The present study primarily intended to investigate whether the emotion facilitation effects in L1 also occur during L2 sentence reading, and thus supplement new evidence to limited eye-tracking experiments on L2 emotion word processing. Taking existing evidence into consideration, we tried to address the following research questions, including (1) whether and how L2 emotion-label words influence the reading behaviours of bilinguals; (2) whether bilinguals with high and low L2 proficiency show similar or different patterns of L2 emotional word processing; and (3) whether depressive and anxious symptoms are associated with bilinguals’ eye movements for emotional word processing.

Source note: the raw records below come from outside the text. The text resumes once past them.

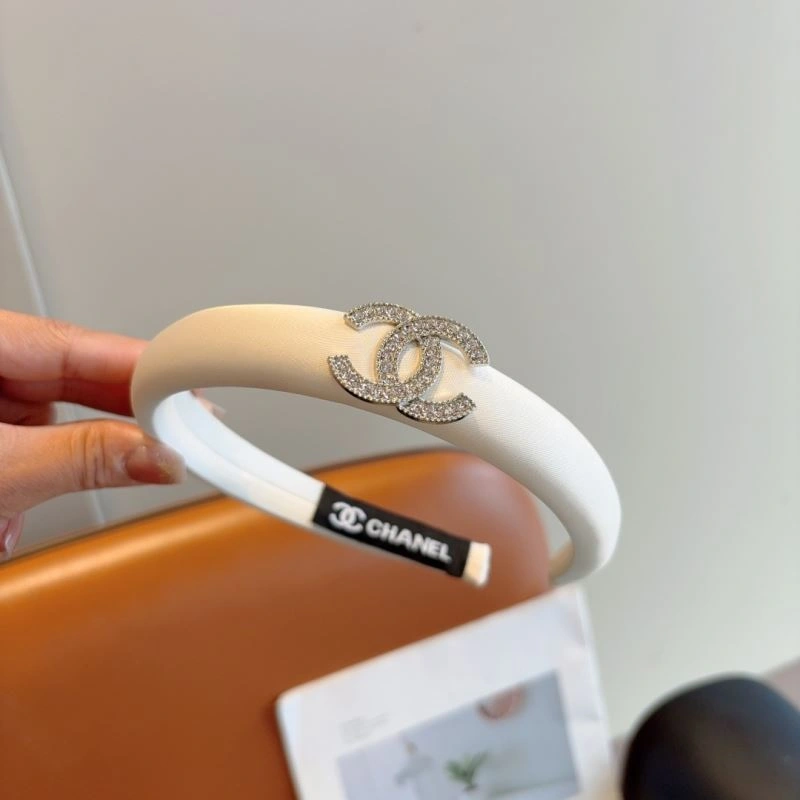 UrbanChic Chanel Hair Hoop 263312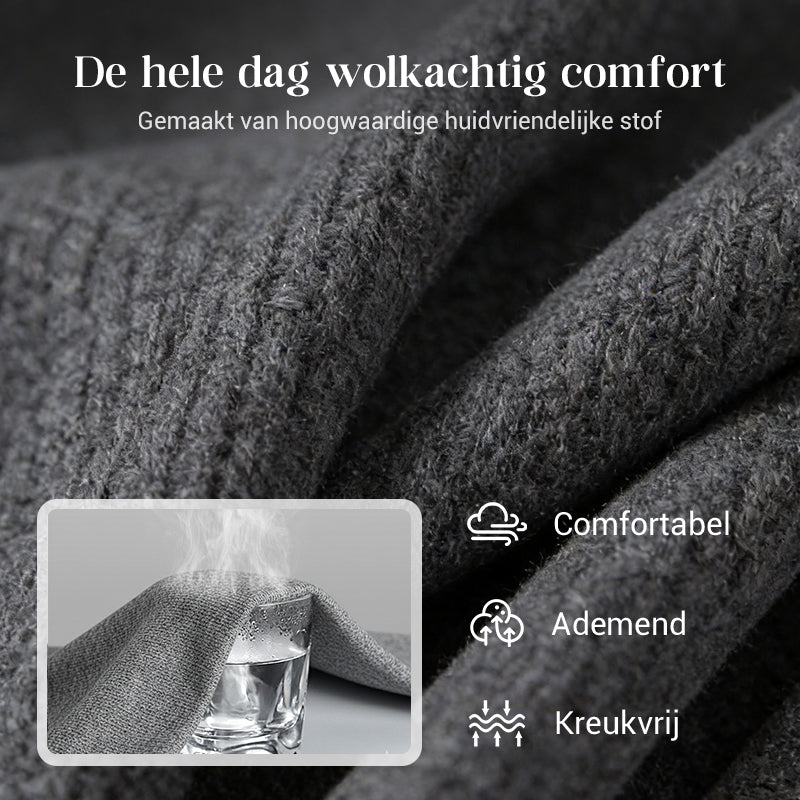 Life & More | Comfortabele Tweedelige Set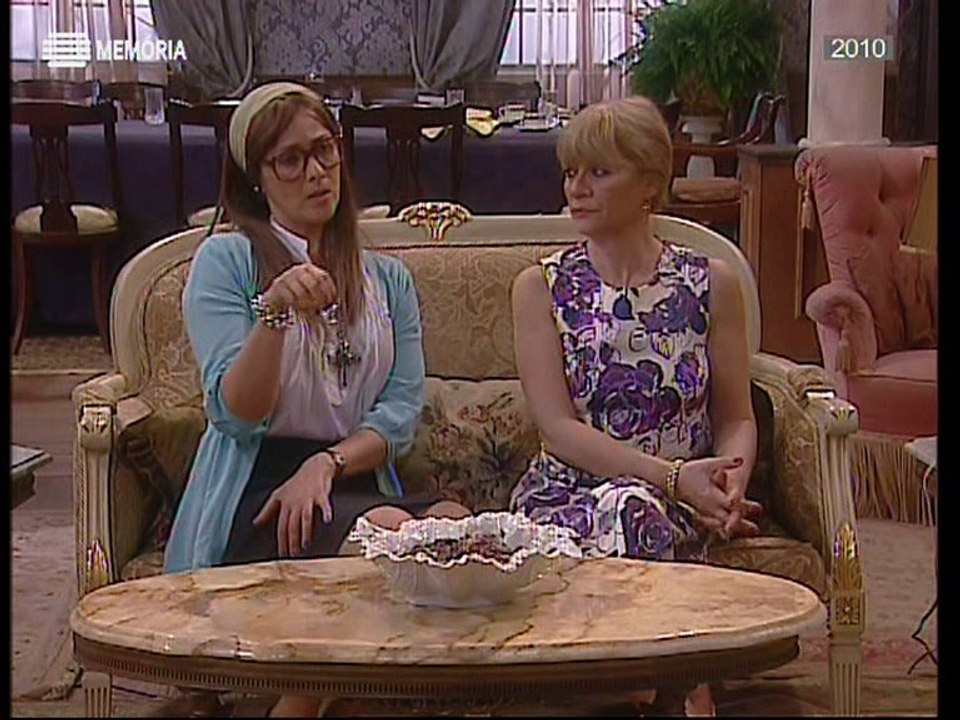 Sagrada Família 01 - Não chegou a minha hora - 12.01.2017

Based on previous findings and the theoretical frameworks, we predicted that bilinguals would not demonstrate the facilitation effects of emotional connotations in L2 processing, but positive words might show processing ease compared to negative words. In the current study, we would use the term “emotion processing effect” hereafter to represent the ease of processing emotional words compared to neutral words. Meanwhile, highly proficient bilinguals should process L2 words faster than less proficient ones in general, and they might also show stronger emotion processing effects considering their advancement in semantic representations and lexical quality for L2 words. Last, since the associations between individual emotional states and the eye movements of L1 processing have been relatively unstable (Knickerbocker et al., Reference Knickerbocker, Johnson and Altarriba2015), such associations could be even weaker in L2 processing considering the increased cognitive burdens. However, as there only exists little evidence concerning how individual depression and anxiety states influence the processing of L2 emotional words, we could thus tentatively predict that few eye movement measures would be correlated with individuals’ emotional states, and any established associations should be interpreted with cautions and require further validations.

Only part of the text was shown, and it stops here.